Just out of curiosity, who won the matchup in question?

John K
13 years ago

man, it is like nails on a chalkboard when i hear that a single, arbitrary week of the season determines the champion in fantasy baseball.

interesting read, thanks for the post.

jim
13 years ago

John, I agree, and when you add to the fact that the final week sometimes is very different than the rest in that players might sit more or a SP for a playoff team may only pitch a few innings, etc., it makes it even more cringe-worthy.

Our league doesn’t have official playoffs deciding who wins. The official winner is the one with the most points over 26 weeks. We do a side playoff just to keep those out of the money involved, but no one thinks of the playoff winner as anything but ‘the playoff winner’ who gets $50 or so.

neoforce
13 years ago

you said: “If you’re a Mets fan who is unwilling to root for Phillies under any circumstances and therefore abjectly refuse to draft Roy Halladay or Chase Utley on your team then you should not be playing fantasy baseball, period. ” 

This issue actually kept me out of fantasy baseball for a long time.  I couldn’t root against my team, couldn’t possibly pick players from their competitors, so I didn’t play.

then someone told me about AL/NL only leagues.  thank goodness!  Now it is only an issue during interleague play and doesn’t impact draft or waiver decisions.

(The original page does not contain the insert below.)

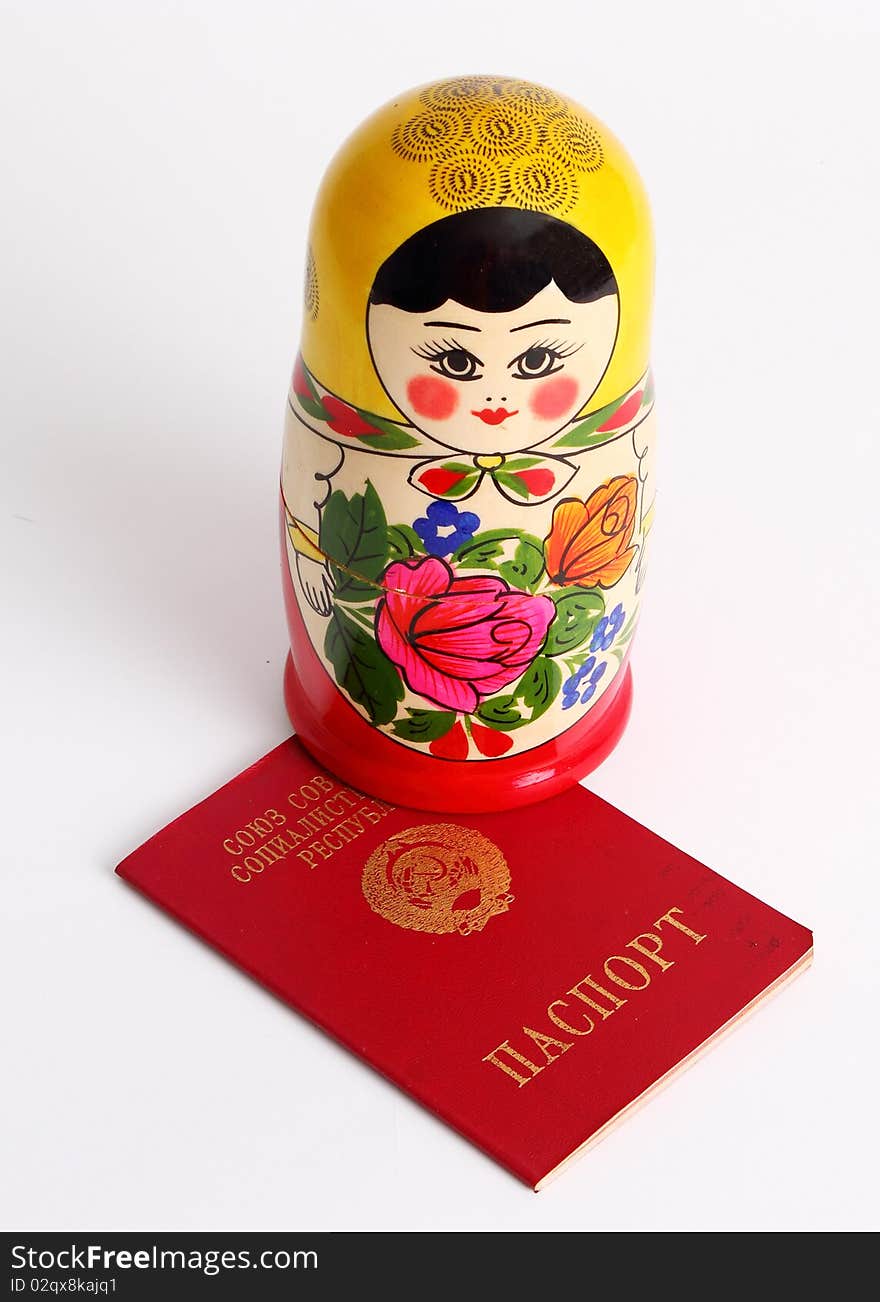 Russian Nesting Doll standing on USSR Passport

But I do agree the Mets fan shouldn’t play NL or mixed leagues.

Nick
13 years ago

I agree that anyone who doesn’t draft Phillies because he’s a Mets fan shouldn’t play in a competitive league. But who are you or is anyone to decide that this type of player shouldn’t play? There are plenty of people who play casually (which is more conducive to pure fun). I applaud your desire to put some rationale to making decisions based on the human element, but it’s a pretty slippery slope to pass judgment on the reasons people choose their players as evidence that they shouldn’t be playing. Maybe just people who take fantasy baseball seriously shouldn’t play with people who don’t, that’s all. Fantasy baseball isn’t a fraternity.
That particular angle to set the boundary for what’s acceptable just bothered me, my apologies if I come across as extremely critical. Again, I love the concept for the piece. If data made our decisions for us, we wouldn’t be human, and who wants to give that up?